The Governor's Lilac and Wildflower Commission
|Cosmos (Cosmos bipinnatus)
Cosmos grows 2-3 feet tall and is branched several times in the upper half with a single flower head about 1 1/4 inches across at the end of each slender bare stem. It has 8 pale-orchid ray flowers with a yellow center. It is an attractive flower suitable for cultivation and seeds are commercially available. Leaves are threadlike divided 2 or 3 times. It is not abundant as it is grazed by livestock. Blooms quickly. Will need to be replanted each spring for continued success.
Black Eyed Susan (Rudbeckia hirta L.)
This prairie biennial forms a rosette of leaves the first year followed by flowers the second year. It is covered with hairs that give it a slightly rough texture. The Green-headed Coneflower (R. laciniata) has yellow ray flowers pointing downward a greenish-yellow disk and irregularly divided leaves. May bloom longer with some afternoon shade. Birds enjoy the ripe seeds. Black-eyed Susan can become aggressive if given too perfect an environment and not enough competition.
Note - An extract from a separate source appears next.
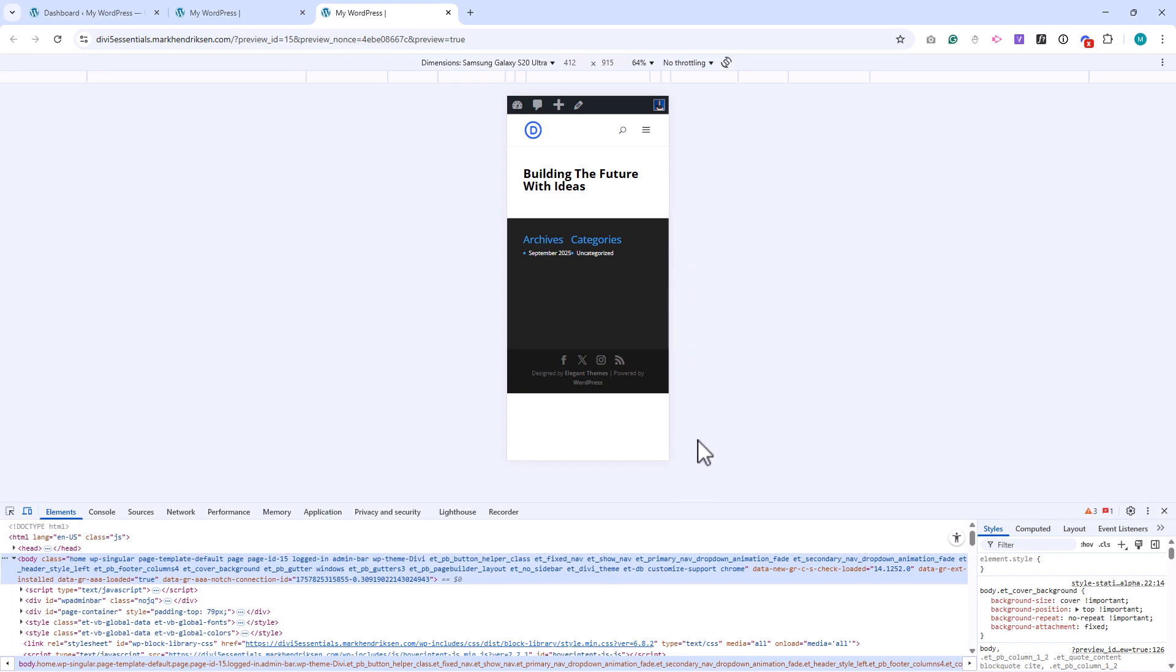Responsive editing and device previews are some of Divi's most powerful tools. They make sure your site not only looks good on desktop, but is also optimized for tablets and smartphones, where most visitors browse today. In the next lesson, we'll look at how to use hover mode to add interactive effects to your designs.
|Wild Lupine (Lupinus perennis L.)
Showy elongate clusters of purple pea-like flowers top the 1-2 ft. stems of this perennial lupine. Blue pea-like flowers are in an upright elongated terminal cluster on an erect stem with palmately compound leaves. Its leaves are palmately divided into 7-11 leaflets. Occasionally flowers range from pink to white. The plant was once thought to deplete or wolf the mineral content of the soil; hence the genus name derived from the Latin lupus (wolf). Actually the plant and all the family enhances soil fertility by fixing atmospheric nitrogen into a useful form. In the south this flower has narrower leaflets and is often recognized as a separate species Nuttals Lupine (L. nuttallii). Two southern species with undivided elliptic leaves are Spreading Lupine (L. diffusa) with blue flowers and a whitish spot on the standard (upper petal) and Hairy Lupine (L. villosus) a hairy plant with lavender-blue flowers and a red-purple spot on the standard. They are found from North Carolina to Florida and west to Louisiana. A species found in Nebraska Wyoming and Colorado Nebraska Lupine (L. plattensis) has blue flowers with a dark spot on the standard and paddle-shaped leaflets. L. polyphyllus is becoming extremely abundant in the Northeast particularly Maine and adjacent Canada; it was introduced from the Northwest.
|Shasta Daisy (Chrysanthemum maximum)
A hardy perennial, forming dense colonies once established. Native to Europe, it has naturalized throughout all regions of the United States. The white petalled flowers with golden yellow centers are borne individually on single erect stems. Compared to its cousin, the Ox-Eyed Daisy, Shasta Daisies generally grow 6 to 12 inches taller and have a larger flower head diameter. Prefers full sun to partial shade in fertile soil.
Shasta Daisy is excellent as a ground cover or border plant since the foliage is attractive and remains green all year. They are also an ideal cut flower, lasting up to 10 days in arrangements.